Size limit on dynamic allocated shared memory

I have this simple piece of code:

dim3 gridDim(count_useful / numGroupPerBlock,1);

			dim3 blockDim(numGroupPerBlock,8);

			printf("Size:%d\n",5*numGroupPerBlock*8*sizeof(u64));

			processParallelMessagesBalanced<<<gridDim,blockDim,5*numGroupPerBlock*8*sizeof(u64)>>>

			(d_chunkPointer,numBlocks_loc[0],d_numText,numGroupPerBlock);

			printf("Error: %s\n",cudaGetErrorString(cudaGetLastError()));

The variables have the following values:

count_useful = 32

numGroupPerBlock = 32

The program prints:

Size: 10240

Error:out of memory

In the kernel code there is a variable declared as following;

extern shared u64 balanced;

which I use for computation.

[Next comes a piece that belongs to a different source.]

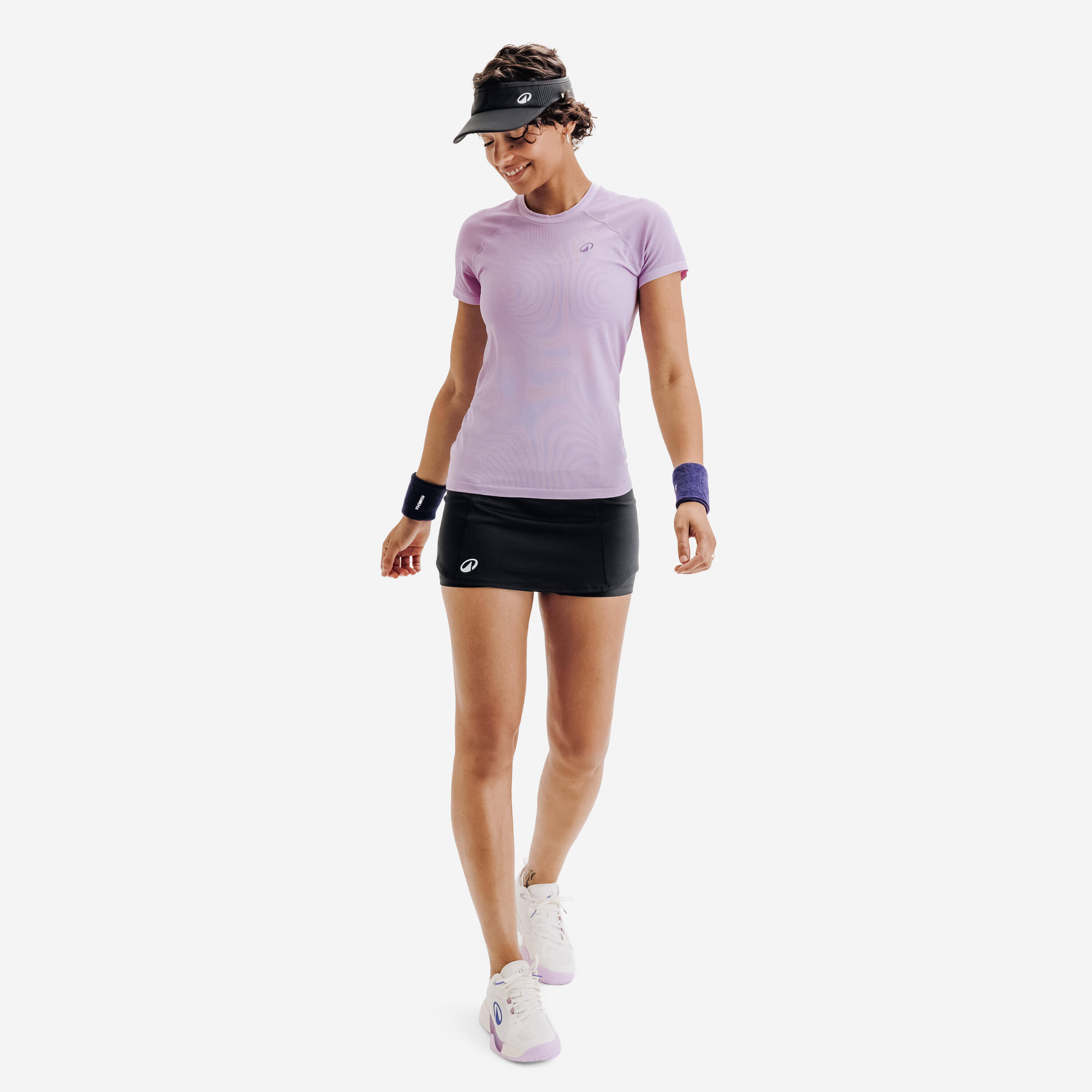 Women's Light Tennis T-Shirt TTS Light - Purple -  2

From what I know there is a size limit on shared memory of 16KB so why the program gives me such an error?

Thanks for replies.

EDIT: the message is not “out of memory” but “too many resources requested for launch”

You ask for 8*32 threads. That means each thread cannot use more than 8192/(256)=32 registers per thread. You probably use more than that in your kernel.

Ok I solved just before reading your answer: I use 40 registers per thread.

Thanks for help External Media